"Don't worry, it will be alright" is a loose translation of a too-common Hebrew saying in Israel. It can be a response to any concern, from minor to detrimental.
It is tragic that the lives of the seven astronauts of STS-107 on board of Columbia would be lost on reentry because of the same mentality with the first Israeli astronaut on board. Rick D. Husband, William C. McCool, Michael P. Anderson, Kalpana Chawla, David M. Brown, Laurel Clark and Ilan Ramon, mission specialist and honored Israeli combat pilot.

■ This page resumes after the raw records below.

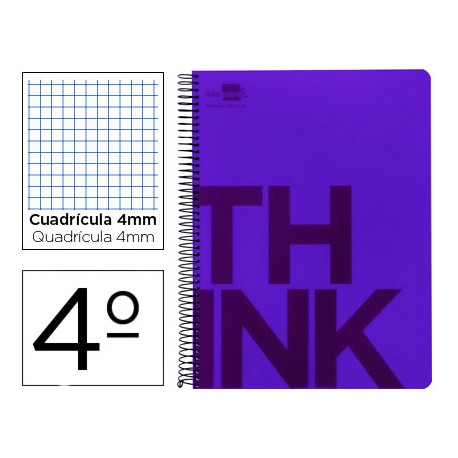 BLOC ESPIRAL LIDERPAPEL CUARTO THINK TAPA POLIPROPILENO 80 H 80G CUADRO 4 MM CON MARGEN COLOR VIOLET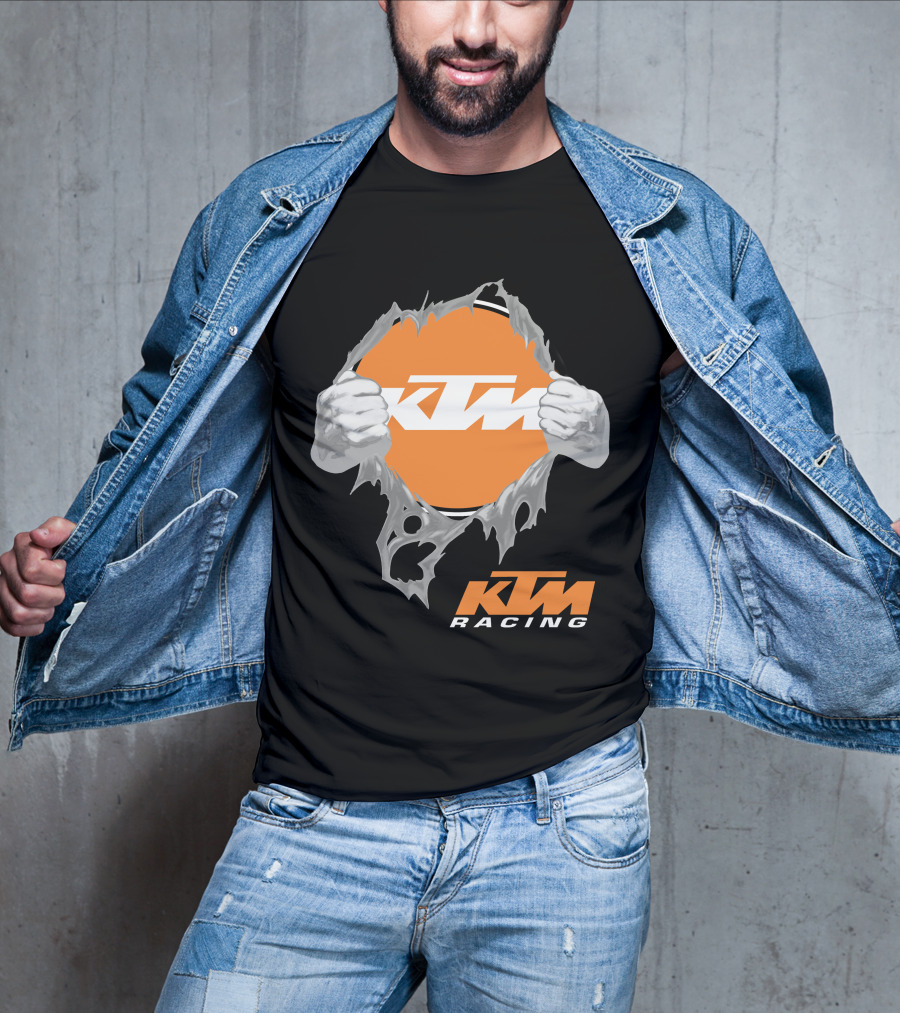 Ktm Racing Logo With Hands Ripping Through Orange T-Shirt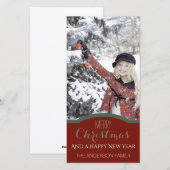 シンプルクリーンレッドグリーンクリスマスホリデーフォト シーズンカード (正面/裏面)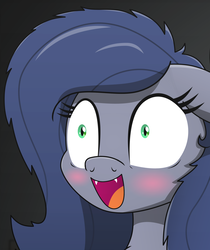 Size: 1616x1928 | Tagged: safe, artist:pananovich, oc, oc only, oc:flawless balance, bat pony, pony, blushing, cropped, explicit source, female, mare, open mouth, solo, wide eyes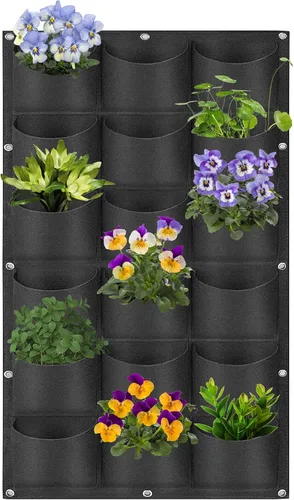 Miniatura 14 de Bolsas colgantes para macetas con 12 bolsillos, bolsas de cultivo verticales para colgar en la pared, macetas de jardín de hierbas para interiores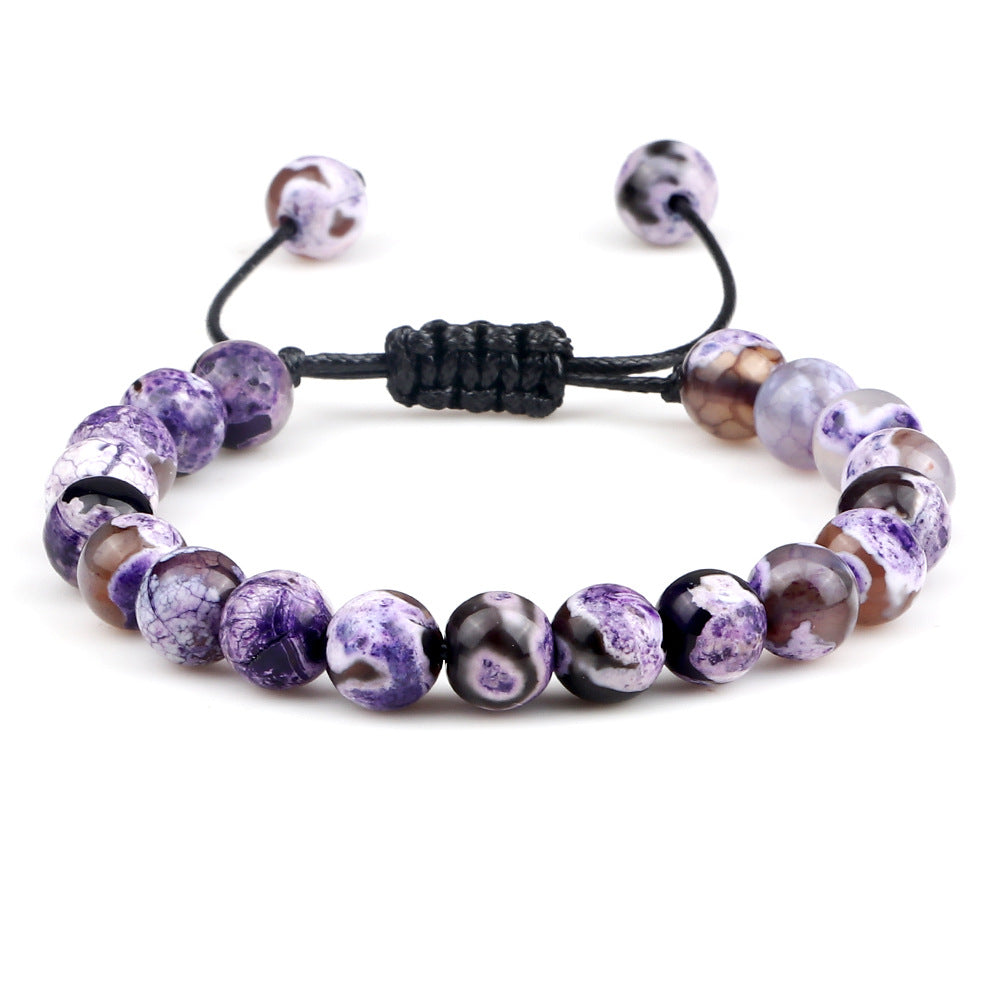 Natural Stone Beads Braided Bracelet Adjustable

Unlike NASA's two other life-taking catastrophes, when the disaster, start to finish, took place in a matter of seconds, this time was more like a Shakespearean play, when a fatal mistake is made in the first act but claims its toll in the third. During launch on January 16 2003, a piece of foam from the external tank broke off and hit the shuttle left wing, damaging its heat shield panels. Like Hamlet who doesn't kill Claudius and eventually is a part of an inevitable fatal ending, so were the astronauts, unaware of the impairment of their spacecraft. The mission continued , the mission continued and the planned experiments were conducted.
For Israelis (and born-Israelis like myself) this mission was a source of great feeling of accomplishment. Israel, an innovator on Earth and in space had an astronaut, a testament to the Israeli spirit and the close relationship with the United States of America. More than anything, pride to have presence in the collaborative frontier of space, separated from the daily struggles of economical and existential nature in Israel.
Could the damaged have been repaired if NASA management gave the green light to conduct an EVA and inspect the damage? Would such an EVA prompt a rescue mission by Atlantis, which was preparing for a March 1 launch? Sadly, we'll never know. Ignoring NASA engineer concerns by NASA management may have been the fatal mistake in this tragedy.
On reentry, the damage to the wing allowed heat to sip through to the shuttle and break it apart. It would take years to resume flights, with improved foam and new shuttle inspection regulations.